Después de seis meses de no hacerlo, hoy me aventuré de nuevo a ir a trotar los siete kilómetros del Parque Metropolitano de León. Después de tanto tiempo, mi único objetivo era no detener el paso durante el largo trayecto. Lo hice a un ritmo acorde a mi edad y sin tratar de demostrarle nada a nadie más que a mí mismo, pero de repente, un individuo que me seguía de cerca se me emparejó y me “aconsejó” que si no podía yo respirar que mejor le bajara. Esto ocurrió justo a la mitad del recorrido, tan a gusto que iba yo y tan bien que me sentía. Pinche metiche, pensé para mis adentros, y le respondí airado: “No, no, no, yo sé lo que hago, ¿okey?”, y con un ademán firme le indiqué que siguiera adelante y dejara de entrometerse.
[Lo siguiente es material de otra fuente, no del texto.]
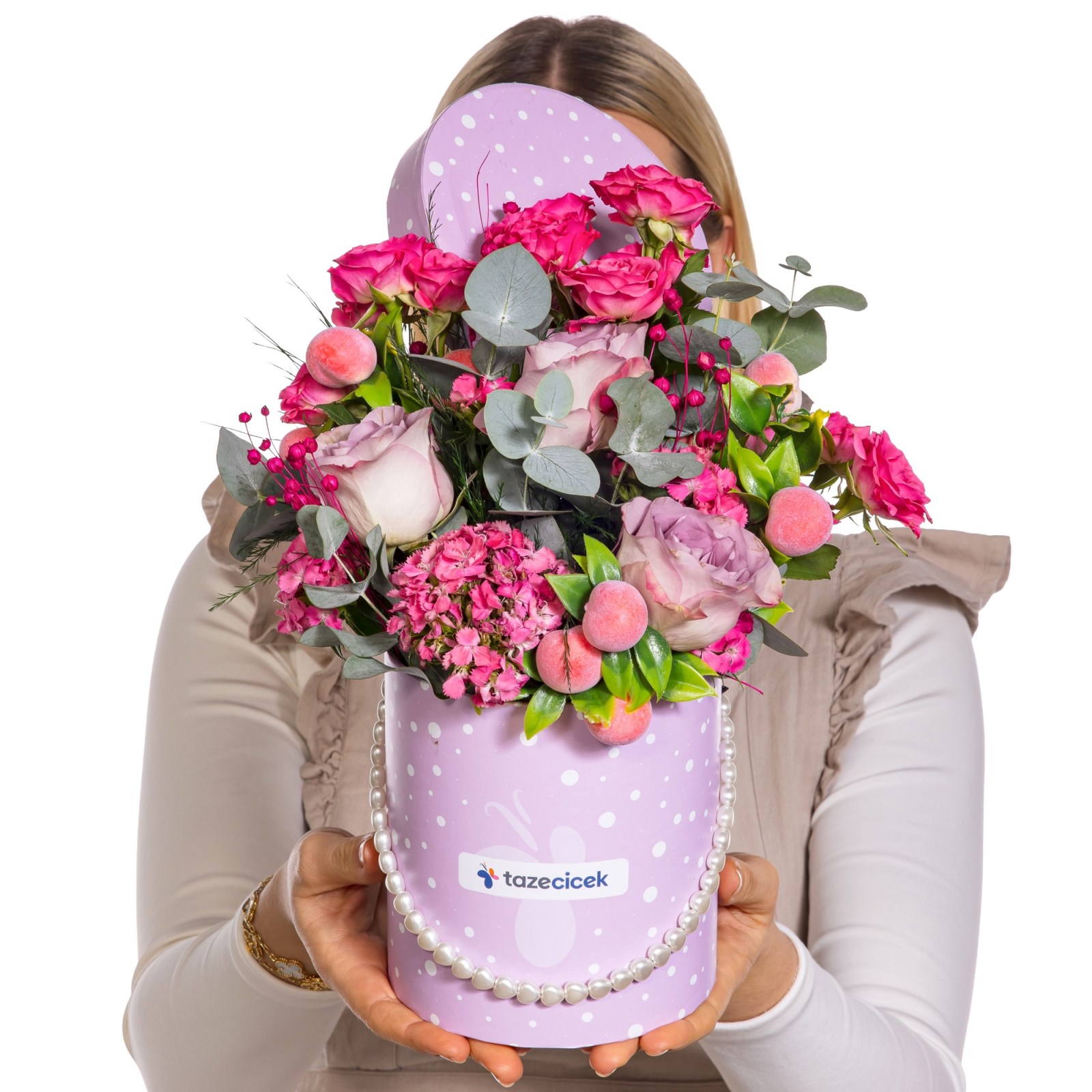 Peach Garden Pembe & Lila Güller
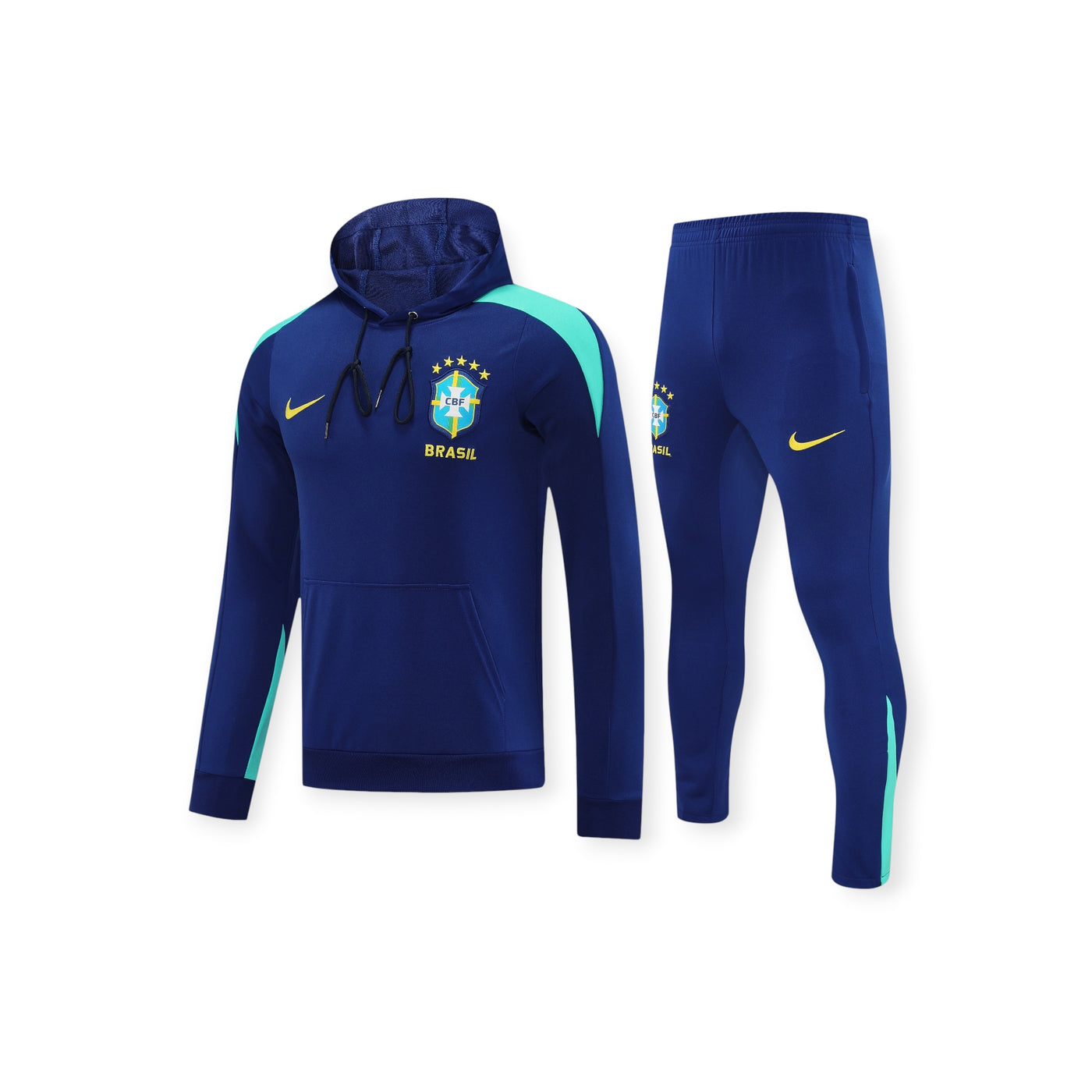 Brazil 2026 Hoodie Set Navy/Turquoise | Nike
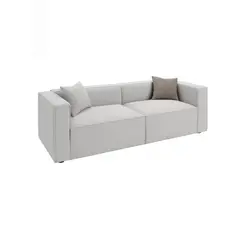 MUEBLES DE LUJO - Sofá Gomez 2 Puestos Tela Antifluidos 160x80x70 Gris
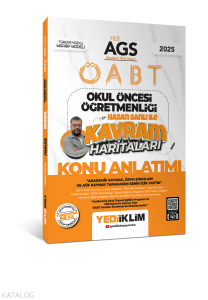 Yediiklim Yayınları 2025 MEB AGS ÖABT Okul Öncesi Öğretmenliği Hasan Sanlı İle Kavram Haritaları Konu Anlatımı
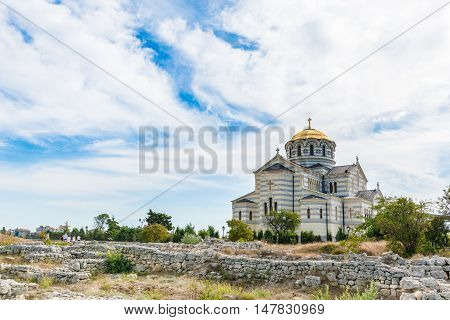 St. Vladimir's ancient Cathedral in Chersonese Sevastopol Crimea Russia September 13 2016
Así lo hizo y ha de haber pensado: méndigo anciano, allá él si se infarta.
Me hizo recordar un caso similar en el parque Naucalli, en México, hace un cuarto de siglo, cuando otra alma “caritativa” me comentó al pasar a mi lado que si yo respirara de otra forma me cansaría menos. “Muy bien -le respondí-, cuando necesite un entrenador, yo te llamo, mientras tanto, sigue tu marcha”.
Qué afán de querer modificar los hábitos de uno, cuando entre muchas otras violencias, la del respirar estentóreamente al correr nunca me ha sido ajena, mucho menos cuando corría maratones, y aun así, sin una técnica depurada, logré hacer menos de tres horas en uno de ellos. Pero sobre todo, digo yo, qué afán de meterse ilustres desconocidos donde nadie los llama y no les importa, ¡carajo!
Mejor mi amigo, aquel que me inició en todo esto de las carreras de fondo, cuando íbamos a correr junto con algún desconocido para mí que lo acompañaba, le advertía a las pocas centenas de metros recorridos: “No te preocupes por Raúl, así respira él”, sin tratar nunca de corregirme, y heme aquí, más de cuarenta años después y casi 72 de edad. ¡No chinguen, pues!
Sin dejar de trotar, la segunda mitad del trayecto, después del incidente de hoy, transcurrió, obviamente, con un poco más de dificultad después de tanto tiempo inactivo, pero con la incomparable recompensa de la esplendorosa sonrisa en el rostro de Elena, que ya para entonces me esperaba en la meta, pues me había acompañado al parque.